И всё же минимального результата Эйзенхауэр и Паттон добились: их школе были выделены танки новейших моделей — по несколько тяжелых британских машин и французских средних танков фирмы «Рено»{97}.
Вскоре служебные пути коллег и единомышленников разошлись: Паттон, устав от бесплодной борьбы «за танки», возвратился в кавалерию; Эйзенхауэр предпочел штабную работу, часто меняя место службы. Но оба при любой возможности старались обосновать преимущества использования танков как самостоятельного стратегического средства ведения войны. В конце концов Эйзенхауэр был вызван к высокому начальству — командующему пехотными силами, который заявил, что его идеи «не только ошибочны, но и вредны», и что ему лучше помалкивать во избежание крупных неприятностей. «В частности, мне было заявлено, что я не должен публиковать что-либо, несовместимое с существующей доктриной пехотного боя». Даже через много лет Дуайт вспоминал, что ему пригрозили полевым судом, если он будет продолжать печатную борьбу «за танки»{98}. Скорее всего, отставной президент явно написал о таком «грозном предостережении» для красного словца (хотя, может быть, оно и было высказано с целью припугнуть зарвавшегося офицера).

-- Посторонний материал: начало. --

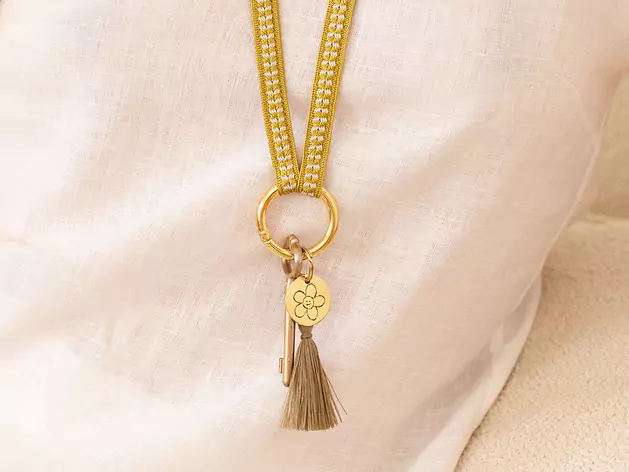 ZAHRA keychain long - kiwi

В 1920 году у Эйзенхауэра появилось еще одно важное знакомство. На вечеринке у Паттона он встретился с генерал-майором Фоксом Коннером, о котором слышал, что это чуть ли не самый умный человек в американской армии. Во всяком случае во время войны его считали «мозгом» экспедиционного корпуса США под командованием генерала Джона Першинга, воевавшего в 1918 году во Франции (Коннер был у Першинга начальником штаба){99}. После обильного обеда с возлияниями не потерявший над собой контроль генерал попросил Паттона и Эйзенхауэра показать ему лагерь и особенно танки. Одобрение танковых сил, высказанное Коннером, было единственным за много лет{100}.
Вскоре Коннер был назначен командиром отдельной пехотной бригады, размещенной в зоне Панамского канала, насильственно арендованной у Панамы, и предложил Эйзехауэру служить у него офицером по особым поручениям. Учитывая, что танковая школа, которую Дуайт организовал, пока не имела перспектив (в ней даже не начались занятия из-за отсутствия слушателей), а Паттон переметнулся в кавалерию, Дуайт, стремившийся повидать новые места, согласился. Однако начальник лагеря Мид генерал С. Роккенбах его не отпустил, мотивируя тем, что Эйзенхауэр — опытный полевой офицер. Позже сам Дуайт, опять проявив то ли подлинную, то ли наигранную скромность, высказывал мнение, что генерал, страстный любитель футбола, просто не желал отдавать одного из лучших тренеров{101}. Так или иначе, он остался в Миде, но все больше тосковал по реальным военным делам. Занятый лишь часть рабочего дня, Айк большое внимание уделял жене, отлично понимавшей трудности офицерской жизни и пользовавшейся временным затишьем, которое, она считала, зная своего супруга, неизбежно сменится бурей.
В 1920 году их сыну исполнилось три года. Айки рос умным и физически крепким. Единственное, что беспокоило отца и мать, — слишком большая забота о ребенке всех окружающих, вплоть до солдат. Айки то и дело получал подарки. Они, однако, были связаны прежде всего с военным делом, и это несколько успокаивало отца. Мальчик быстро овладевал военным ритуалом, пытался сам надеть подаренную ему и перешитую няней солдатскую форму, стоял по стойке смирно во время военных парадов и т. д.
Но накануне Рождества 1920 года мальчик заболел скарлатиной, заразившись, видимо, от новой няни, которая недавно перенесла болезнь, скрыв этот факт от Эйзенхауэров. Это острое инфекционное заболевание, характеризующееся лихорадкой, интоксикацией, ангиной и обильной точечной сыпью. В настоящее время скарлатина нередко протекает достаточно легко, при должном уходе практически не дает осложнений и не приводит к гибели детей. Иначе было в прошлом веке. До 1940-х годов, когда начали появляться сульфамидные препараты, а затем антибиотики, смертность от скарлатины составляла 80 процентов{102}.
Беда не обошла стороной и дом Эйзенхауэров. 2 января 1921 года Айки умер. «Это было самое большое горе, даже катастрофа, в моей жизни», — писал Дуайт на закате жизни{103}. Те же чувства выражала Мейми: «На протяжении всех следующих лет воспоминание об этих черных днях причиняло глубокую внутреннюю боль, которая, кажется, никогда сколько-нибудь не смягчалась»{104}.